What the hell no biters.


----------



## Prairie Dweller (Jul 4, 2009)

Please at least tell me you had time to put your warpaint and black hoodie on before the taking your meatstick photos.

And I'm just a bit hurt that you didn't thank North Dakota! Ungrateful SOB. :******:

PD


----------



## Kris brantner (Sep 22, 2009)

6000 birds, and you only shot 12? havent you ever heard of waiting till you get your ducks in a row? should of shot them on the water!


----------



## bud69652 (Feb 6, 2006)

You should have been using 7 1/2 lead shot. Kill more that way. It's cheaper too!


----------



## Sasha and Abby (May 11, 2004)

What a troll... I can't believe there are not any bites. Bwaaaaaaaaa...


----------



## Duckslayer100 (Apr 7, 2004)

If he was a true hardcore waterfowler, he wouldn't have even had to put on a sneak...just stuck his AR-15 out the truck window and started blasting the ducks on the water. Now that's WAKIN' 'EM AND STACKIN' 'EM!!! :sniper:


----------



## Goose Unit (Apr 28, 2008)

Wow some people just dont get it :******:


----------



## shooteminthelips (Jun 13, 2007)

Bingo first biter!


----------



## 9erfan (Oct 18, 2007)

:withstupid:


----------



## Bloodyblinddoors (Oct 25, 2006)

Finaly :lol:


----------



## Troy Potter (Nov 9, 2007)

edgeucate 6000 birds by shooting them off there roost. I wonder why they did not come back???


----------



## Bloodyblinddoors (Oct 25, 2006)

And another


----------



## troubleinthestubble (Oct 8, 2009)

Why would you sneak the roost so the birds can just fly south? Of course you would do that, some people jsut need to get a clue


----------



## bluebird (Feb 28, 2008)

THis one should break wide open soon!!!!


----------



## Bloodyblinddoors (Oct 25, 2006)

bluebird said:


> THis one should break wide open soon!!!!

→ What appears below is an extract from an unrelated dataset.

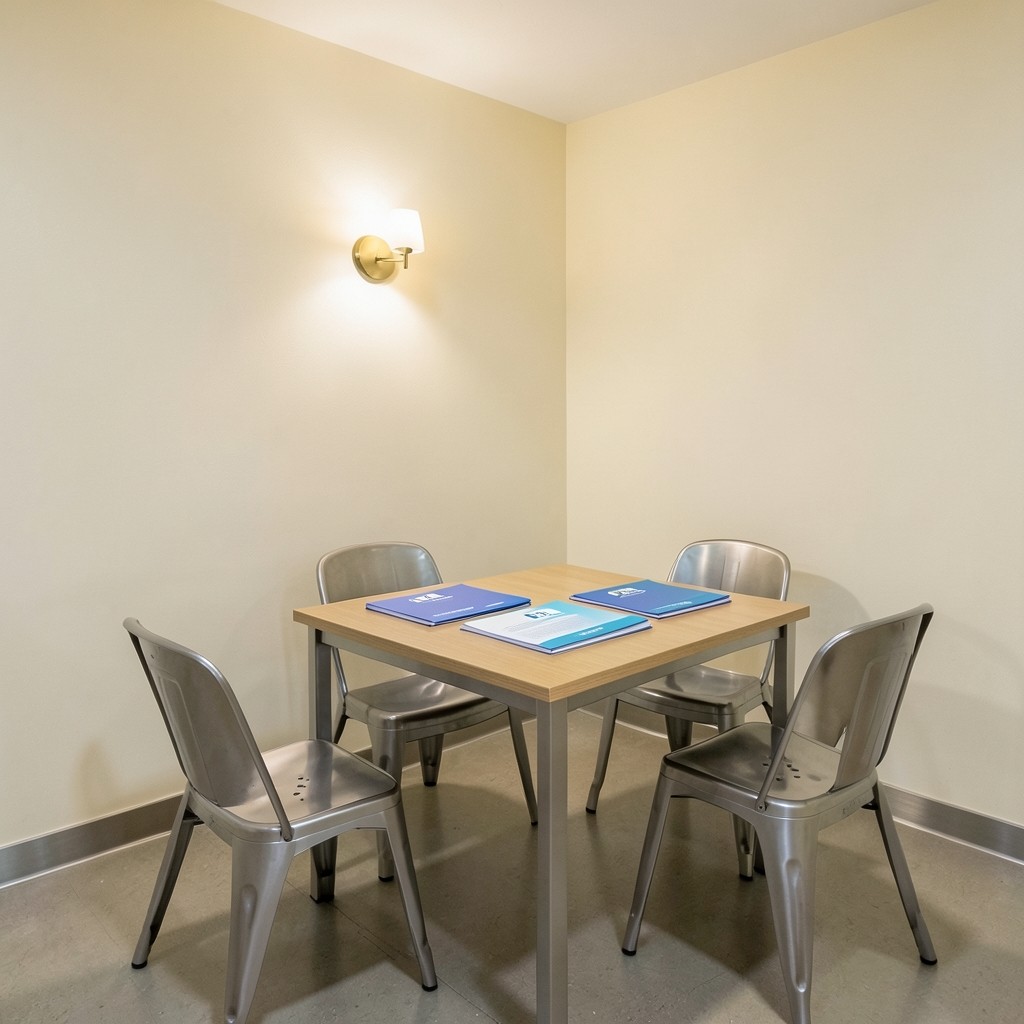 Salle de réunion sobre avec dossiers de ressources humaines dans le secteur sanitaire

It kind of is already but it's a pretty slow start. teamwaterfowl MN needs to ad a bit of fuel to the fire to speed up the process I guess.


----------



## floortrader (Feb 5, 2009)

If this story is true here are some people Nodak or Texas can do without.


----------



## 6162rk (Dec 5, 2004)

can't you put up some photos


----------



## Bloodyblinddoors (Oct 25, 2006)

:lol: Yeah pictures would help.


----------



## teamwaterfowl_mn (Nov 19, 2009)

i swear it was like taking candy from a baby. That same slough was holding birds tonight and we had an even better shoot. we called our buddy from Wisconsin to come on over so we were able two get a few more birds this time. we had another all time Nodak 5 minute shoot before dark. Here are the pics. THANK YOU NORTH DAKOTA.

 

We didnt even need to bring those decoys on this trip. they never got used


----------



## Franchi 9-12 (Oct 16, 2008)

how old are you?


----------



## sodakhunter13 (Feb 2, 2007)

lol Nick did you really just fall for that?


----------



## Prarie Hunter (Jul 11, 2008)

Wow those look like some late season birds


----------



## teamwaterfowl_mn (Nov 19, 2009)

defiantly northern birds for sure


----------



## waterfowl wingnut (Sep 19, 2009)

Based on your view of waterfowl hunting, you guys should come deer hunt by sitting in your truck and watch for deer to hit the flats after someone actually gets out and walks something...

Wait .. don't forget the PBR too


----------



## Scott LeDuc (Aug 4, 2008)

teamwaterfowl_mn said:


> i swear it was like taking candy from a baby. That same slough was holding birds tonight and we had an even better shoot. we called our buddy from Wisconsin to come on over so we were able two get a few more birds this time. we had another all time Nodak 5 minute shoot before dark. Here are the pics. THANK YOU NORTH DAKOTA.
> 
> 
> 
> We didnt even need to bring those decoys on this trip. they never got used


Nice touch adding the Sconi to the mix. :beer: It was subtle yet effective!


----------



## wingaddict (Sep 16, 2009)

teamwaterfowl_mn said:


> defiantly northern birds for sure


"northern" greenwing teal Huh? :rollin:

I agree with Scott Leduc, adding the 'Sconi reference was a nice touch. :lol:


----------



## teamwaterfowl_mn (Nov 19, 2009)

They were talking about the leafs game and calling each other hosers before we sneaked up on them so what would you think.


----------



## USAlx50 (Nov 30, 2004)

teamwaterfowl_mn said:


> They were talking about the leafs game and calling each other hosers before we sneaked up on them so what would you think.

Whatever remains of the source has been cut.